Ch1 DDoS Attack

Incident Report for amazee.io

Postmortem

Overview

Between 1230 UTC and 1600 UTC on September 1st 2020, our upstream hosting provider, Cloudscale, suffered a DDoS attack which caused service outages for some of our customers in the ch1 region during this time period.

Cloudscale's postmortem for this event can be viewed here: https://cloudscale-status.net/incident/146

What Happened

Our Swiss hosting provider, Cloudscale, was the subject of a DDoS attack targeting a single IP, which belonged to one of our load balancers. This load balancer was a particularly good target, because many of our customers in this region had DNS records which only pointed to this load balancer instead of to both of our load balancers in the ch1 region.

Sites were down for all customers in the region for the first 28 minutes of the attack. Our customers utilizing the amazee.io CDN were still able to serve stale pages from their cached content, but any authenticated traffic would not have been able to successfully connect. Once inbound traffic was black holed at the upstream provider for the affected IP, the ch1 region's accessibility was restored.

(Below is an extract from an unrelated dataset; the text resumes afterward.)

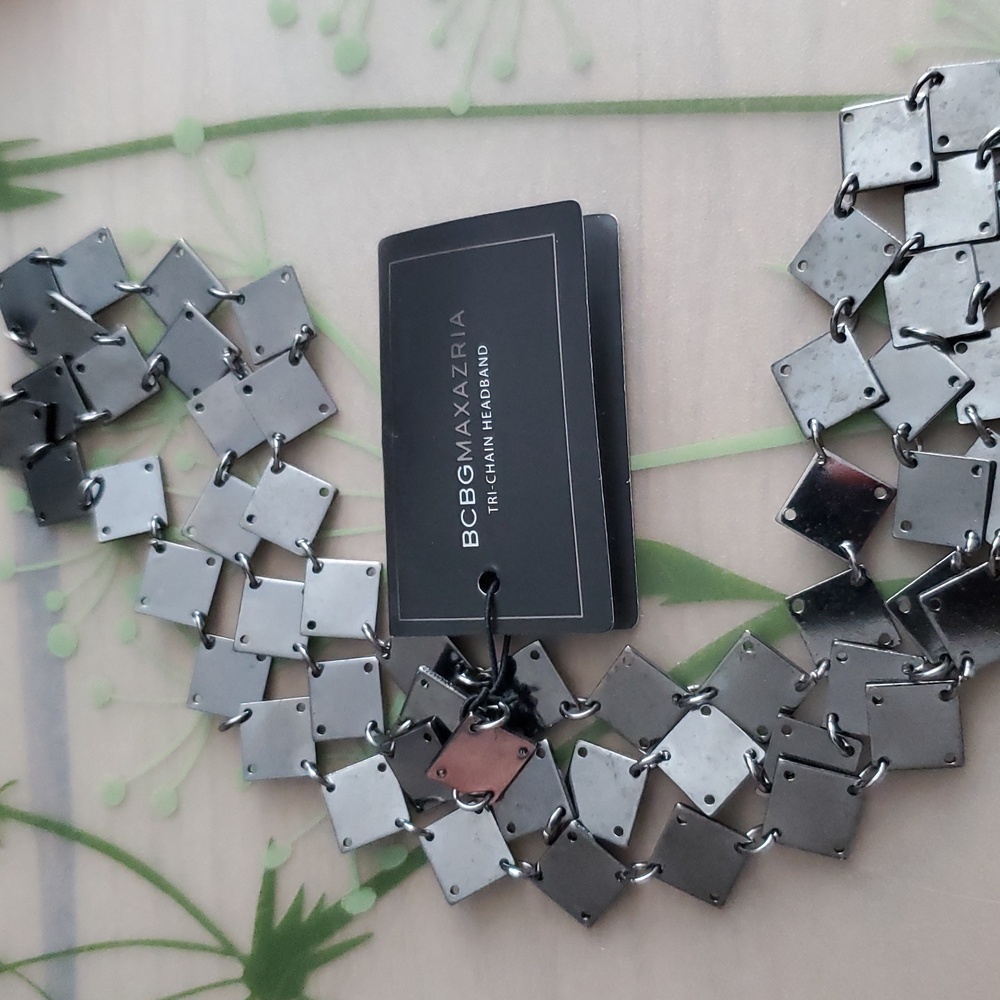 NWT BCBG Tri Chain Gunmetal Headband - Picture 6 of 7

Any customers with misconfigured DNS records pointing at only the single affected load balancer IP continued to see downtime due to the black holing of all traffic to that IP. Once the attack concluded and the black holing was removed from the affected IP address, availability for all sites in the region was restored.

Resolution

The main reason this attack had such a large impact to our services was the fact that many of our customers in the ch1 region only ever added a single A record to their DNS configurations. Where possible, we have ensured our internal DNS CNAME records use both load balancer IP addresses, and have notified any customers using only one IP to adjust their configuration to include both load balancer IPs.

The subset of affected customers who were paying for high availability were also provided with a migration to the amazee.io CDN in order to mitigate any DDoS issues happening to them in the future. Our long term plan is to move all customers to the amazee.io CDN, but that is not possible in the short term.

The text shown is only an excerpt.